WHAT YOU SHOULD DO: For each line below with the word "Storage", write out a copy.

DATASET EXTRACT:
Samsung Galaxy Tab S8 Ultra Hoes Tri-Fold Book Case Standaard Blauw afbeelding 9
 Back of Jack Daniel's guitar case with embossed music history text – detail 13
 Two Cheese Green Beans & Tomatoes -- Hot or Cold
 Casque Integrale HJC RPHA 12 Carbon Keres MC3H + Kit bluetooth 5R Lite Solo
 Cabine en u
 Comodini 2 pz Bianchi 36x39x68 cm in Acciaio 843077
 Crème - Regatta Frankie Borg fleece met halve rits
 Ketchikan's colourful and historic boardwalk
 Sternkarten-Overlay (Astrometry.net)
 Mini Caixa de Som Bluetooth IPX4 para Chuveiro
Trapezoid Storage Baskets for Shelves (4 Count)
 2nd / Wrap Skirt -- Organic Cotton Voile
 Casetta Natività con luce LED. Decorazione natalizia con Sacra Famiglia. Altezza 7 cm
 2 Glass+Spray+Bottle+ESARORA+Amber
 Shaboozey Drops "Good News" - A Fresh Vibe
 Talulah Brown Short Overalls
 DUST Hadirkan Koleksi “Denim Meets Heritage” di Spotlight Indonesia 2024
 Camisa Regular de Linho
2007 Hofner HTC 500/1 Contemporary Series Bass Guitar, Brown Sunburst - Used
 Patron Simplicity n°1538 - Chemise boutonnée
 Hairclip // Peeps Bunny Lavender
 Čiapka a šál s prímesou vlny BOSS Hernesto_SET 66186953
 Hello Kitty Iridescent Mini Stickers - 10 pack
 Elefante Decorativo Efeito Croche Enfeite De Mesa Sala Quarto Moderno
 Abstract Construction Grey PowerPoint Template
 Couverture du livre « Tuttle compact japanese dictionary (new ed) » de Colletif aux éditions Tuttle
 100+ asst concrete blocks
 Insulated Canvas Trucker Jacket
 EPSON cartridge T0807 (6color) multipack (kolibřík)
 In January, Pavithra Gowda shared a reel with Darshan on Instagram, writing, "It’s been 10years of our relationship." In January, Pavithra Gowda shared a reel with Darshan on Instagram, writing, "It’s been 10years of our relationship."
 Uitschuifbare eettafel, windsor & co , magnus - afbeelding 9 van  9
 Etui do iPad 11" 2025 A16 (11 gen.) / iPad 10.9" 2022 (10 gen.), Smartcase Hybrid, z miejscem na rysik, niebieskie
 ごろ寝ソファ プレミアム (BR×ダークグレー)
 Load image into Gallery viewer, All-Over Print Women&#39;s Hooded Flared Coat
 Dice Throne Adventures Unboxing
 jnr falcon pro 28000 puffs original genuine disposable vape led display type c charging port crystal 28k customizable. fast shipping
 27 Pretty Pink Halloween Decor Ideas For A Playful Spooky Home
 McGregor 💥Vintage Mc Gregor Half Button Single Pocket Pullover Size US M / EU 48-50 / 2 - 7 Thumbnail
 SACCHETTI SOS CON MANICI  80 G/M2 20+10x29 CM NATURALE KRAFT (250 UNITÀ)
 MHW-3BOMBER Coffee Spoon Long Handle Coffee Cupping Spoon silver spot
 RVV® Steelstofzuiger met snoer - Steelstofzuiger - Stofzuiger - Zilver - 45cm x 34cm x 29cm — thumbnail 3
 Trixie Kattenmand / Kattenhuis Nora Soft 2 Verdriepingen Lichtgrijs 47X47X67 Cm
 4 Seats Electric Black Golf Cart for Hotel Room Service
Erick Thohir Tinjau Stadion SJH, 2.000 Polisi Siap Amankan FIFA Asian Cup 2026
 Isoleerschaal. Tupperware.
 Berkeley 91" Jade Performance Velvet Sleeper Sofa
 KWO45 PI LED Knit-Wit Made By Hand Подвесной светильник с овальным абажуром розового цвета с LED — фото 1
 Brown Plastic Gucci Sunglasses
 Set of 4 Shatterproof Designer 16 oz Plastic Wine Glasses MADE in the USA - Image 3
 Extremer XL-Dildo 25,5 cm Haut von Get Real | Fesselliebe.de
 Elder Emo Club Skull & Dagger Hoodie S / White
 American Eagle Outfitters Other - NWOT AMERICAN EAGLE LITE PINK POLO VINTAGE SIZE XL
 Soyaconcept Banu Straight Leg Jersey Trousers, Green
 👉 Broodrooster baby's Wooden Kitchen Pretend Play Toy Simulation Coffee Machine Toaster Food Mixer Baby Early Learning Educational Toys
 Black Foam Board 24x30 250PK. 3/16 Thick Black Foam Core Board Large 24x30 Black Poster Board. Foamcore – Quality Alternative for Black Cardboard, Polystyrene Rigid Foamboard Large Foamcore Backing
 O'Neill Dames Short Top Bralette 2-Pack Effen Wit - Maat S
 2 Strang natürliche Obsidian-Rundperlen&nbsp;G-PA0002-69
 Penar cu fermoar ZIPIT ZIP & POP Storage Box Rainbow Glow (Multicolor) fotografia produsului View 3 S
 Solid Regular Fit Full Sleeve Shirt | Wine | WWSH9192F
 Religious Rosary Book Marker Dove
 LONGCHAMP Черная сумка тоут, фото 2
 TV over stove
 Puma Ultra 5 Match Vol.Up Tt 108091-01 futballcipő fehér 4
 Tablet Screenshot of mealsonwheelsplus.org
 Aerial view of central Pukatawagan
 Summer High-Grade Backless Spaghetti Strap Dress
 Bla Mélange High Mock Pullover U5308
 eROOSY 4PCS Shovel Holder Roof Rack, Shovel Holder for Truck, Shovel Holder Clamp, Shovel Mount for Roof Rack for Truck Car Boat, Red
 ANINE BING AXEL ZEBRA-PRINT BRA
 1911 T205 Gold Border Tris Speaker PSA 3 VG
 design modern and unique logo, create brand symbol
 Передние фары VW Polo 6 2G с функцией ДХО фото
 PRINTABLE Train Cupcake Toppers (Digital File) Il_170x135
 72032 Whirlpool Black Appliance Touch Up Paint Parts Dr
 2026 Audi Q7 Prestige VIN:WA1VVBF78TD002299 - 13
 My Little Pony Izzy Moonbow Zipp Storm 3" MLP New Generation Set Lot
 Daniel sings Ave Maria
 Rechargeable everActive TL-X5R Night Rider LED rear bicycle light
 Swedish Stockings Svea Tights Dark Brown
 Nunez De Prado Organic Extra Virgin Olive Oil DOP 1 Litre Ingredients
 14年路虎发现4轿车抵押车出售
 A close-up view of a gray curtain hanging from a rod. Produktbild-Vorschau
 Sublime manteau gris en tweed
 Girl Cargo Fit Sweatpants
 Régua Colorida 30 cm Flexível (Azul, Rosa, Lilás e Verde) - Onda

TASK SOLUTION:
Trapezoid Storage Baskets for Shelves (4 Count)
 Penar cu fermoar ZIPIT ZIP & POP Storage Box Rainbow Glow (Multicolor) fotografia produsului View 3 S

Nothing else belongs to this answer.